Размышляя над отношениями Мысливечка и Габриэлли по общему поведению их и тому, как отразились они в документах, видишь нечто, о чем хотелось бы сказать: ускользающее, не дающееся, поднесенное к губам, но не выпитое, как говорится в присказках русских народных сказок: «по губам текло, а в рот не попало». Было это не только потому, что судьба артистов постоянно разделяла их, гоняя из города в город, из одного конца страны в другой; и не только потому, что по своему материальному состоянию маэстро ди Капелла был в несравненно худшем положении, нежели знаменитая виртуозка, осыпанная драгоценностями: ведь за лучшую оперу он получал каких-нибудь шестьдесят дукатов, и это случалось не чаще двух-трех раз в год, а она только с набранных ею богатств имела под старость одной ренты двенадцать тысяч франков в год. Было это и в социальном отношений неравенством, когда виртуозка, жившая с королями и министрами, обзывала наследника испанского престола, чистокровного Бурбона, «проклятым горбуном», а капельмейстер хлебом своим зависел не только от великих мира сего, но и от их прислужников. Нет, такие дистанции были бы преодолимы для большой любви. Но что-то в характере обоих создавало внутреннее расхождение, словно большие жизни их плыли в океане человеческих судеб всегда по параллельным орбитам, никогда по встречным.

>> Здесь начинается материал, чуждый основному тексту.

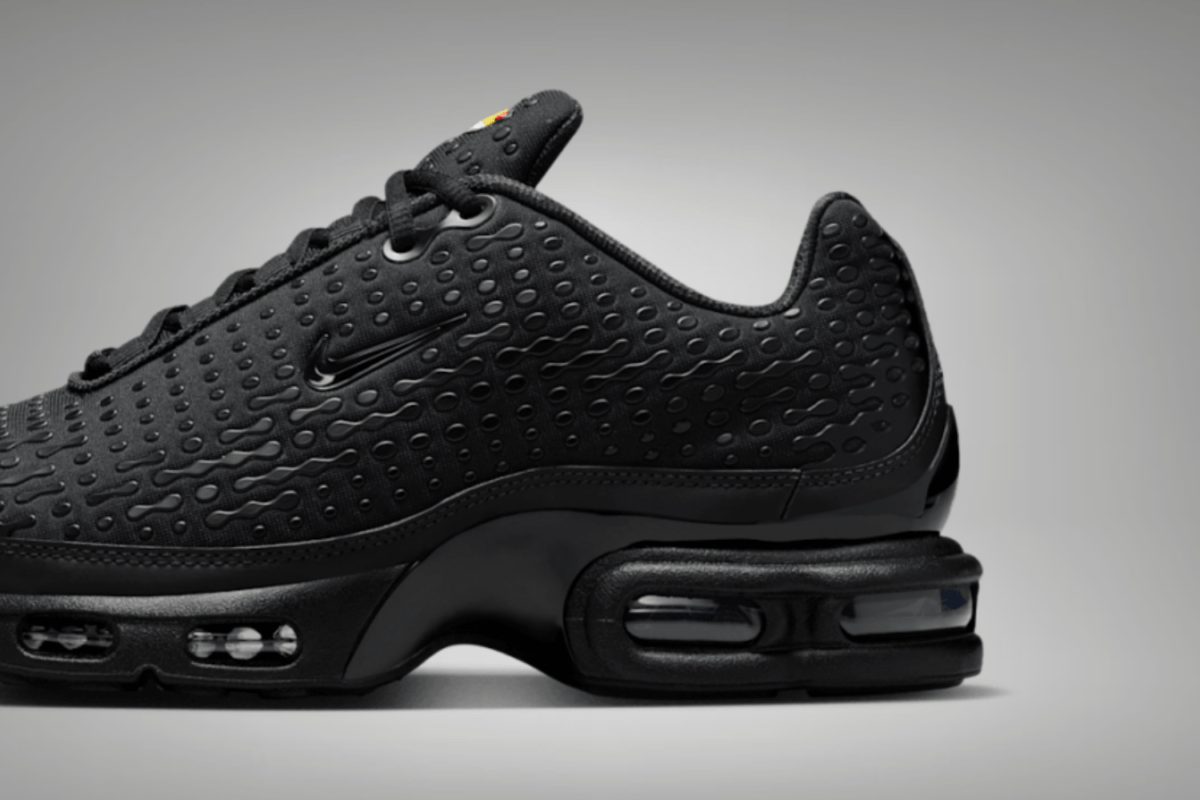 Nike brengt de Air Max Plus VII terug in een smooth 'Triple Black' colorway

В невероятных, часто не объяснимых никакой внутренней логикой трюках и выходках Габриэлли видишь и ощущаешь очень мало внутреннего удовольствия для нее, словно проделывала она их не от «хорошей жизни», как говорится. Не от счастья. И хотя память сохраняет о ней ее огромную щедрость, помощь товарищам в беде («расшвыривание денег», по Леопольду Моцарту), но нельзя ее себе представить
То, что совершила она с Мысливечком под конец его жизни, бывшим ведь, помимо всего прочего, ее товарищем-музыкантом, полно такой черной, такой поистине дьявольской злобы, что о доброте Габриэлли, настоящей, человеческой, и речи не может быть. И в ее выходках, которыми она особо отличилась в Неаполе, в первый год большой любви к ней чешского капельмейстера, как струйка серного газа из корки Сольфатара, пробивается, по-моему, нечто до странности напоминающее бешенство. Лишенные веселья и радости, захватывающего удовольствия, заливающегося смеха, совсем не зажженные блеском и искрами ранней молодости, способной с ума сходить от забавы при поднятии в воздух одного пальца, — ей ведь было уже в 1767–1768 году полных тридцать семь лет, — выходки ее проделываются как будто назло, назло себе и другим, совершенно иррационально, бездумно и импульсивно.

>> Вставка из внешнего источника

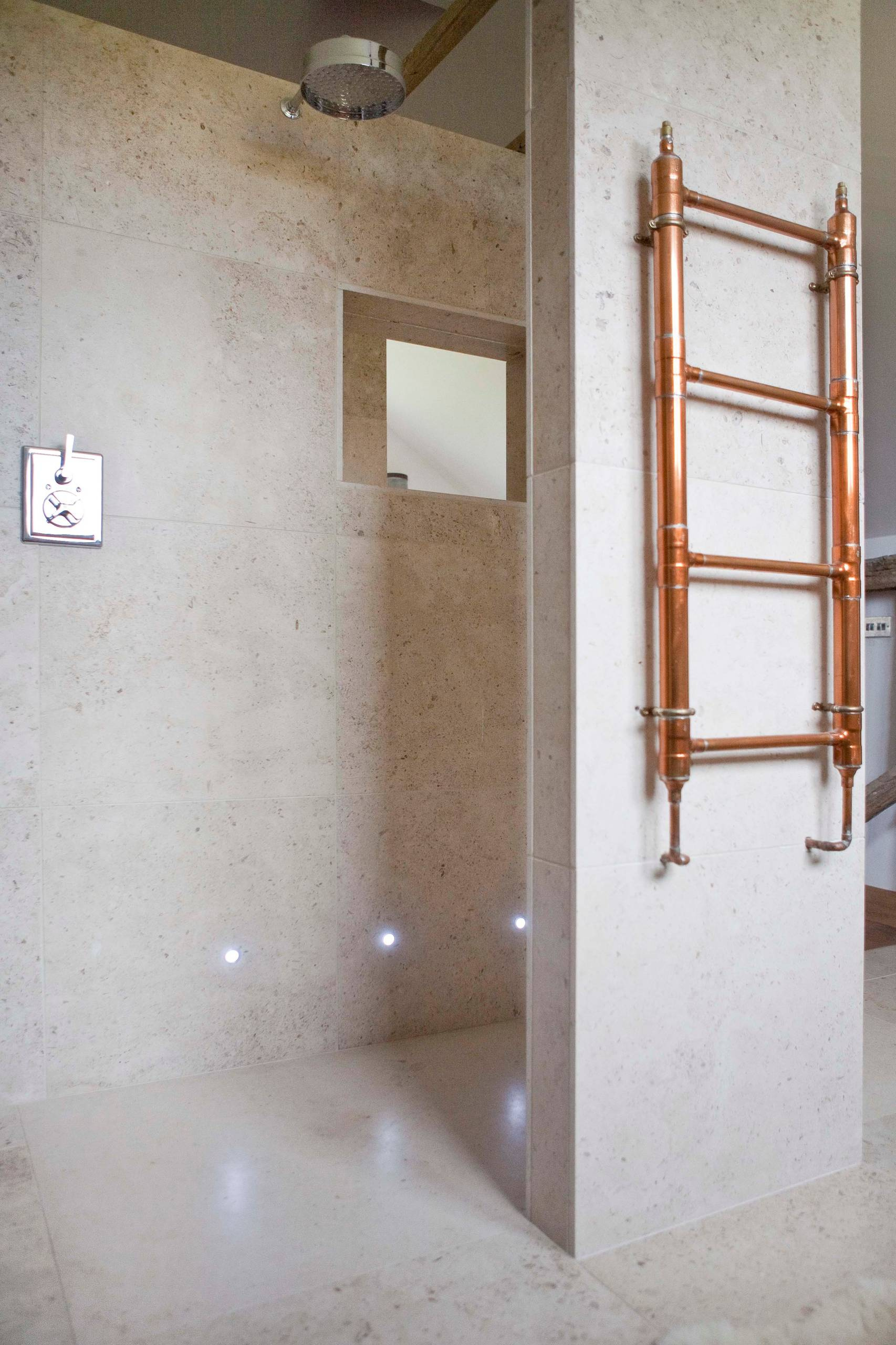 Медные трубы: Как использовать модную арматуру в интерьере?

Габриэлли была завистлива. На сцене она всегда должна была блистать в единственном числе. Она завидовала даже своему партнеру, неуспех которого мог бы ведь снизить в качестве и ее успех, если этот партнер был знаменит, как и она. Под старость, не желая признать себя побежденной самим временем, она упорно продолжала держаться сцены, хотя голос ее ослабел. И успех чешского маэстро, хотя бы она и влюбилась в него, обаятельного, молодого, моложе ее на семь лет, серьезного и глубокого, не только радовал, но и раздражал ее, и она часто преуменьшала этот успех пренебрежительным «отведением его на место»: «он писал для меня», «он понимал мой голос, как никто». Эти внешние как бы хвалы, в сущности, унижали Мысливечка, унижали большого творца в нем. И серьезный чех, даже если без удержу поплыл по всем сумасшедшим потокам ее капризов, внутренне, в силу природы своей, не отдавался им целиком, и эта твердыня человечности, серьезность, недоступная ей самой, приводила, вероятно, Габриэлли в тайное бешенство. Не имея сил очеловечиться, она не могла лишить человечности, «обрусалочить», любовника, выесть душу его, — и она разбила ему жизнь.